TASK REQUIREMENTS
Lines from the material below that hold the string "Steel" are what is needed; copy each of them.

PROVIDED RECORDS
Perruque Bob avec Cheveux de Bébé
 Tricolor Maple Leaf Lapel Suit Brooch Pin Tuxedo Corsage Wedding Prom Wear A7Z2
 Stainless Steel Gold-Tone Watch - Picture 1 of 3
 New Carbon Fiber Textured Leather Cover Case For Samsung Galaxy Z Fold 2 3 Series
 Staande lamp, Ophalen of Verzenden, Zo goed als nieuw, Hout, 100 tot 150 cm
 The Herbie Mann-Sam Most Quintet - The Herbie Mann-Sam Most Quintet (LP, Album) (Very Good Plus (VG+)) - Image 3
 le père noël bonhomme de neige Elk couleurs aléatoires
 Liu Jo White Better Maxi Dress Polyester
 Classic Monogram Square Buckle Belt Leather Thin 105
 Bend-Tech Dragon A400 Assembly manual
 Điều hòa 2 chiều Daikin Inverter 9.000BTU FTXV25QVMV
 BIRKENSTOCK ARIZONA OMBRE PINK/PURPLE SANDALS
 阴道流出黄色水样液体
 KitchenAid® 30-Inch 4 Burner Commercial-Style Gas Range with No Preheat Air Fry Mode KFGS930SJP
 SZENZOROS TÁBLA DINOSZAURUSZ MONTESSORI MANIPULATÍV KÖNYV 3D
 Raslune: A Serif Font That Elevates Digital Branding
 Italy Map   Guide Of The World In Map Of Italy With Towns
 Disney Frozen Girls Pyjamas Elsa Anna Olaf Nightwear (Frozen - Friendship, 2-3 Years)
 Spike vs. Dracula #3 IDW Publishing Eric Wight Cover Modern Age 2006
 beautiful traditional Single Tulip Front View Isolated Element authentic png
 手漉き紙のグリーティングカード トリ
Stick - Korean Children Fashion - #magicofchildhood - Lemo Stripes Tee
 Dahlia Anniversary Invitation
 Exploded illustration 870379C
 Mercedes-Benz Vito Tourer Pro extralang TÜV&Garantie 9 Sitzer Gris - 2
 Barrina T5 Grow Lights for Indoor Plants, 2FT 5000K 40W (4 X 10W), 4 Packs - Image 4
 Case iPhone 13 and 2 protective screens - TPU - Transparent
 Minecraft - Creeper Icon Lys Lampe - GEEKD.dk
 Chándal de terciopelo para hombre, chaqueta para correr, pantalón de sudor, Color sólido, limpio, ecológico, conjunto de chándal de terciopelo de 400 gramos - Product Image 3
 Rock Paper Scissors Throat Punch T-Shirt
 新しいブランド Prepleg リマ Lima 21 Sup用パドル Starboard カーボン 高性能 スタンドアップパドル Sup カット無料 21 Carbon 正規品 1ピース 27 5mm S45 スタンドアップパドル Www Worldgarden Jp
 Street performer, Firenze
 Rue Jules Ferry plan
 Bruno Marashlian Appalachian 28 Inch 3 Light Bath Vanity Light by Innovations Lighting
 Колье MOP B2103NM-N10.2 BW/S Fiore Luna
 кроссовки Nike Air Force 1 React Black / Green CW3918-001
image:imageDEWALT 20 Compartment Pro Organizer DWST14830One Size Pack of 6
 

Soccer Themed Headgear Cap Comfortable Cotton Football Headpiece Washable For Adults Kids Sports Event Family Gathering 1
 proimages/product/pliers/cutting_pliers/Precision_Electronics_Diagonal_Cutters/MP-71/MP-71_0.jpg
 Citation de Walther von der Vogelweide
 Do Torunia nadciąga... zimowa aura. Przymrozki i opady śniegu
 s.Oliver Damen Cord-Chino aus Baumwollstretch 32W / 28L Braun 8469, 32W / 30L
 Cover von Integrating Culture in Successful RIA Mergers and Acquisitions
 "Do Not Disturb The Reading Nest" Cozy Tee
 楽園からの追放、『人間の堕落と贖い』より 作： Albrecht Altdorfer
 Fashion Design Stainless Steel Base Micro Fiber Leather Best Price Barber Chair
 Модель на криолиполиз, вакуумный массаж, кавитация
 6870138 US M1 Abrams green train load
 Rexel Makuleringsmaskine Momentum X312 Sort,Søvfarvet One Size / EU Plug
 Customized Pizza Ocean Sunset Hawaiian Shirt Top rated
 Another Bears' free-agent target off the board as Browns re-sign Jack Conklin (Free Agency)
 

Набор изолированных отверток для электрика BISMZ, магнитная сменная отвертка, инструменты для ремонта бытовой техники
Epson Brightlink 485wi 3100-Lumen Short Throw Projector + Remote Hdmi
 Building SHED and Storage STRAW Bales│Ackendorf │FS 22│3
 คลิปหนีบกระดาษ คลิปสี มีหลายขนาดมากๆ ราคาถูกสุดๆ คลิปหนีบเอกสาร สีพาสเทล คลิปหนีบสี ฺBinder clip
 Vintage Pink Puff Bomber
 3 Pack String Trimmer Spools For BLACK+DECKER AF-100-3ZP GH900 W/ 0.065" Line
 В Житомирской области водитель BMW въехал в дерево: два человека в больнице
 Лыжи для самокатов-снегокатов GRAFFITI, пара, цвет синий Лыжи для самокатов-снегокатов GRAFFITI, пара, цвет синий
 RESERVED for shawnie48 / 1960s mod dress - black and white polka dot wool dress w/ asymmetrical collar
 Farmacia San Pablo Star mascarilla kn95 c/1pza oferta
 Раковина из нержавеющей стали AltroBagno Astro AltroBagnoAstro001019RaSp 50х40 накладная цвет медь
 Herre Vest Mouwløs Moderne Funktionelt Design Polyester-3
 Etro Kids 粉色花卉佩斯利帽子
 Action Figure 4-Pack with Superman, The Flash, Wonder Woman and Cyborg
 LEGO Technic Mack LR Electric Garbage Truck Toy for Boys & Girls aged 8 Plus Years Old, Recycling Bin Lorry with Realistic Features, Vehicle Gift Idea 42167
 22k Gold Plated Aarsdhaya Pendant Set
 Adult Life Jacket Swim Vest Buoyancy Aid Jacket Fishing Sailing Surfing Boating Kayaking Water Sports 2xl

RESULT
 Stainless Steel Gold-Tone Watch - Picture 1 of 3
 Fashion Design Stainless Steel Base Micro Fiber Leather Best Price Barber Chair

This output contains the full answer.